TPP論議が盛り上がってきた。国内は真っ二つ。交渉参加に賛成か反対か。
果たして、野田政権はどういう判断をくだすのか。
基本的にTPPに加盟することによるメリットとデメリットがある。
メリットとしては、
・関税が撤廃されることで、競争力が高まる。
・高度な技術がある、あるいは高い品質のものが作れる企業にとっては、有利になる。
・海外へ農産品も売ることができる。
・海外の安い製品が入るので消費者は得する。
・TPPの貿易の大部分はアメリカであるため、アメリカでの市場進出に強みがある。
・欧州の企業に対抗しやすい。
・二国間FTAをアメリカと結んだ韓国と同じ土壌に立てる。
デメリットとしては、
・海外の安い農産物が入ってくるため、小規模生産農家の多い国内の農業が大きなダメージを受ける。
・工業、農業以外にも、サービス業や医療で海外の攻勢が強まる。
・競争に敗れた分野の失業率が高まり、国内経済が冷え込む。
・TPPの貿易の大部分はアメリカであるため、対米進出が進んでいる分野でのメリットはそれほど大きくはならない。
・関税よりも為替の影響が大きすぎるため、メリットを吸収してしまう。
・海外生産のシフトが進んでいるため、それほどメリットがない。
・TPP加盟予定国はすでに話し合いを終えており、日本の条件交渉が困難。
・TPPは農業国が大きいシェアを占めるため、日本はカモにされる。
・日本の技術力が低下している中で、関税の自由化でも韓国や中国の企業に勝てるかわからない。
・TPPに参加していない韓国や中国との競争に意味があるかわからない。

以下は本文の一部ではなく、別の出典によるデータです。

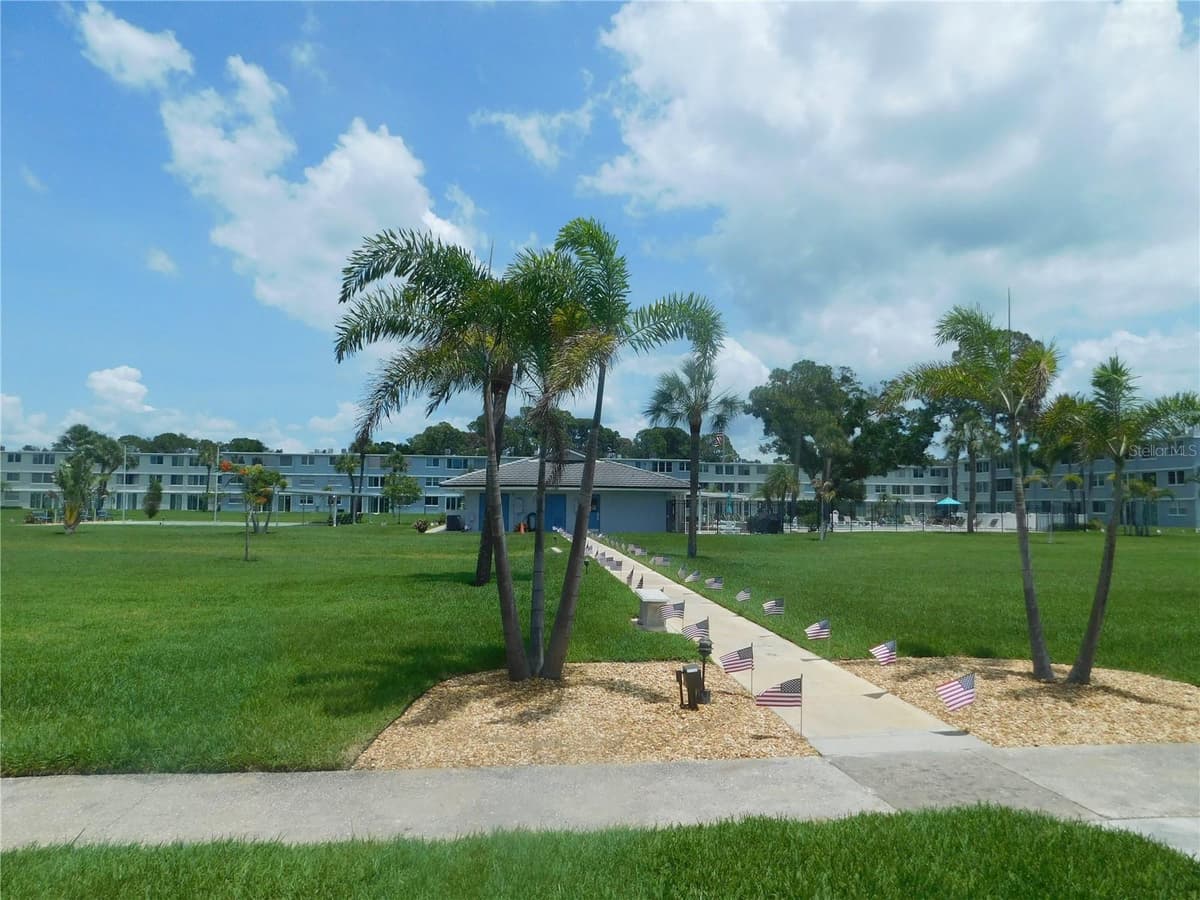 4715 BAY STREET — photo 14 of 16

あるいは両国の出方が問題になる。
・日本が技術力で圧倒的ではなくなったため、農業だけでなく、工業も海外の製品が国内へ流れ込み、企業の経営環境は悪化する。
・原発事故で放射性物質汚染が懸念されているため、日本農産品が海外で売れるか不明。
・食糧自給率が低下する(ただし自給率は個々の食品によって大きく異なる)。
・TPP加盟後の貿易の変化後に、貿易体制が戦争や大規模自然災害によって中断した場合の悪影響が更に大きくなる。
第三の可能性としては、
・企業の海外市場への売り込みが思ったほどうまく行かず、逆に海外農産品の日本での販路拡大も失敗し、結局、期待や不安ほどには大きな変化はない。
現時点では、デメリットのほうが大きいかもしれない。
少なくとも、農業への補償策や、経営改善方策を行なってからだろうし、また現在の日本企業の人的資源を無視したり、目先の利益に走ったり、技術を捨てたりする、劣化していく経営発想や状況から見ても、甘い期待を持ちすぎているような所が感じられる。
本来なら、韓国がやっているような二国間協議で条件交渉をすすめるのが、今のところではもっともやりやすかったと思うが、農業保護のこともあって、FTAすら協議しようとしなかったツケを払う羽目になったといえる。いまさらTPPに入っても、条件交渉では不利だろう。前原大臣が言うように、途中で辞める、というのは不可能だ。それこそ、外交的信頼を失う。
また、二国間協議方式でEUやアメリカとFTAを結んだ韓国ですら、農業の停滞や物価の高騰を招いて反対する国民の動きもある。
TPPで利益を上げることを期待するなら、まず、技術力拡大や人材の確保を進めてからの話だ。今の中国や韓国企業と戦うなら、関税をなくすことだけでは無理。
また、法人税の引き下げや、為替の対応もすぐにやるべきだと思う。
また、グローバル化が進んだ現在、逆にローカル化やブロック化への動きも出始めている。
将来、世界経済や貿易体制がどういうふうに変化するかは、誰にもわからない。
空洞化が加速し、急速に経済が崩壊しつつある日本で、参加不参加のどちらにせよ、安易な期待を抱いた選択は更に悪い結果を生むだけだろう。やるべきことをやる必要がある。